Jadi jawabannya adalah, pusat berdirinya
sekte-sekte yang menyimpang dari ajaran Islam adalah Najd, Saudi
Arabia. Muhammad ibnu Abdul Wahab, pendiri sekte Salafi Wahabi, lahir di
Najd. Begitupula Musailamah ibnu Habib al-Kadzdzab yang pada 10 H
mengaku-ngaku sebagai nabi, dan mengirim surat kepada Rasulullah Saw
agar bumi dibagi dua, separuh untuknya dan separuh lagi untuk
Rasulullah. Nabi palsu ini dibunuh oleh Khalid ibnu Walid pada 11 H,
pada masa pemerintahan Abu Bakar Siddiq.
Thalhah ibnu Khuwailid al-Asadi yang
pada 11 H mengaku bertemu Jibril dan mendapat wahyu dari Allah SWT, juga
berasal dari Najd. Nabi palsu ini diperangi Abu Bakar Siddiq dan kabur
ke Syam. Pasukannya semua terbunuh. Pada akhir hayatnya, Thalhah
bertobat kepada Allah dan kembali menjalani syariat Islam dengan benar.
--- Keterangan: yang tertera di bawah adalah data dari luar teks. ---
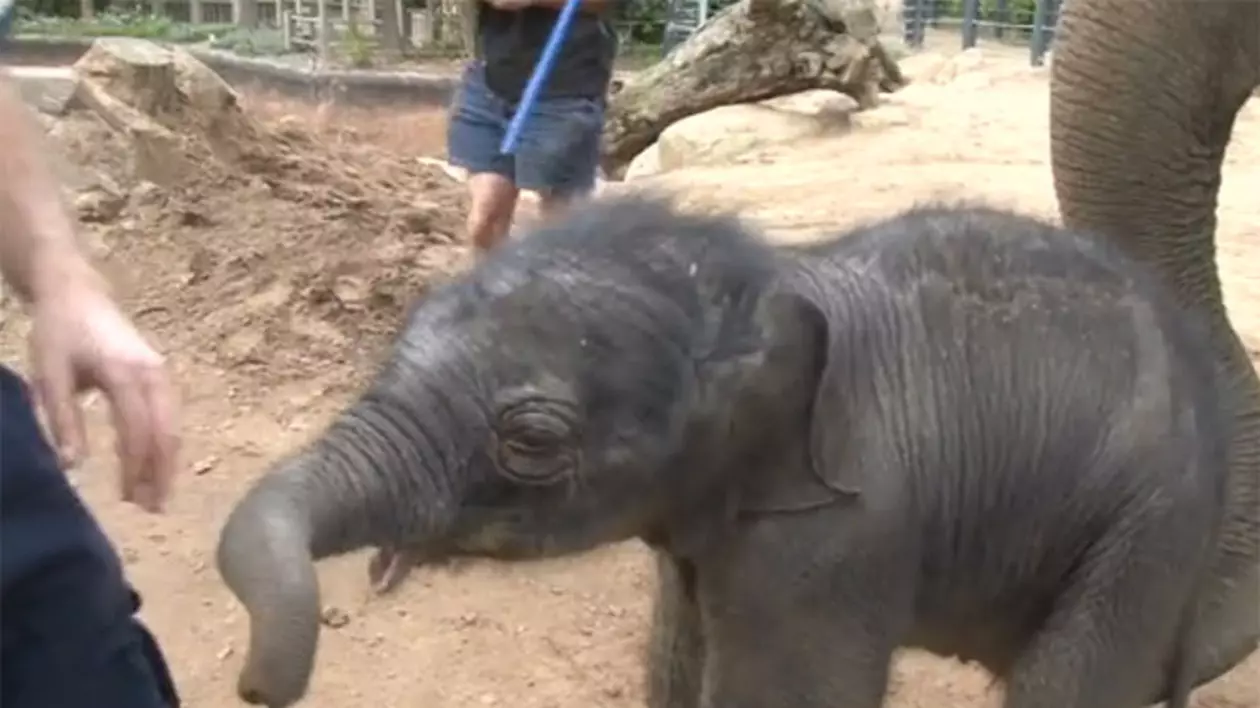 Video | Puiul de elefant gigant care cântăreşte la naştere 143 kg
Sajah binti al-Harits ibnu Suwaid
at-Tamimah, nabi palsu pada 10 H yang juga ahli bahasa Arab dan tukang
sihir, juga berasal dari Najd. Wanita ini merupakan nabi palsu saingan
berat Musailamah, dan bahkan menikah dengannya. Setelah Musailamah
tewas, dia bertaubat dan menjalankan syariat Islam dengan benar.
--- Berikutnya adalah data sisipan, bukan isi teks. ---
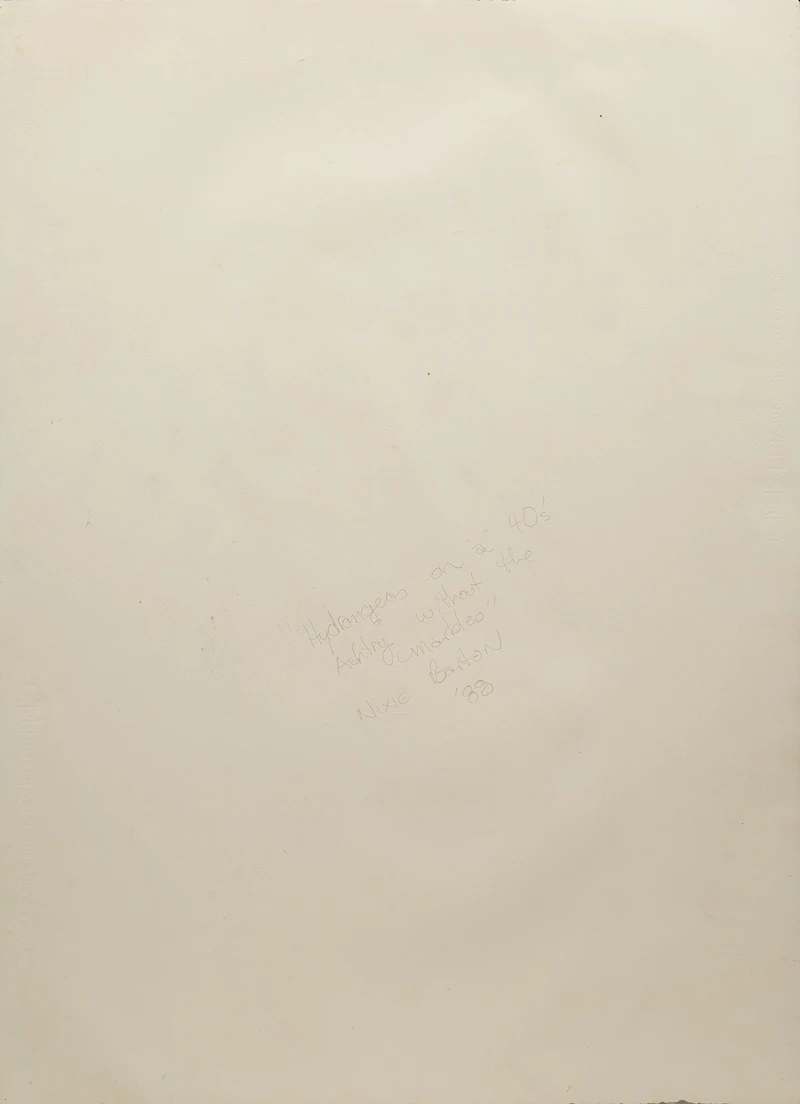 Nixie Barton, Hydrangeas on a 40s Ashtray Without the Marbles, oil on paper, 1988 - view 2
Yang paling menakjubkan dari sabda
Rasulullah tentang Najd adalah Dzul Khuwaisirah yang menuding Rasulullah
tidak adil, berasal dari Najd. Bahkan penampilan Dzul mirip dengan
penampilan umumnya penganut sekte Salafi Wahabi, karena menurut Imam
Nawawi, Dzul berjidat hitam, kepalanya botak, bersorban, tinggi gamisnya
setengah kaki, dan bejenggot panjang. Jidat yang hitam berasal dari
bertemunya jidat dengan lantai kala sholat. Ini menjelaskan kalau Dzul
orang yang rajin sholat, baik yang wajib maupun sunah. Yang lebih
menakjubkan, seperti halnya sekte Al-Azariqah yang merupakan sempalan
sekte Khawarij, Salafi Wahabi pun menganggap kafir orang-orang yang
tidak sejalan dengannya.
Pertanyaannya sekarang, apakah itu
berarti ajaran sekte Salafi Wahabi merupakan pengejawantahan dari ajaran
sekte Khawarij? Atau hanya memiliki kesamaan ajaran saja?
Sekarang mari ingat-ingat penampilan
Imam Samudera, Amrozi, dan para pelaku bom Bali I dan Bom Bali II yang
dihukum mati pada November 2008. Apa yang Anda dapatkan? Jidat yang
hitam, jenggot, bersorban, dan celana panjang yang menggantung dan tidak
mencapai mata kaki? Apakah ini berarti Imam Samudera cs merupakan
pengikut Salafi Wahabi? Wallahusallam bissawab. Tapi yang pasti
Imam Samudera cs menganggap Indonesia sebagai negara kafir karena
menjadi ‘antek-antek’ Amerika Serikat, meski pun penduduk negara ini
mayoritas Islam. Mereka bahkan menganggap kematiannya sebagai syahid, sama seperti keyakinan pengikut sekte Khawarij.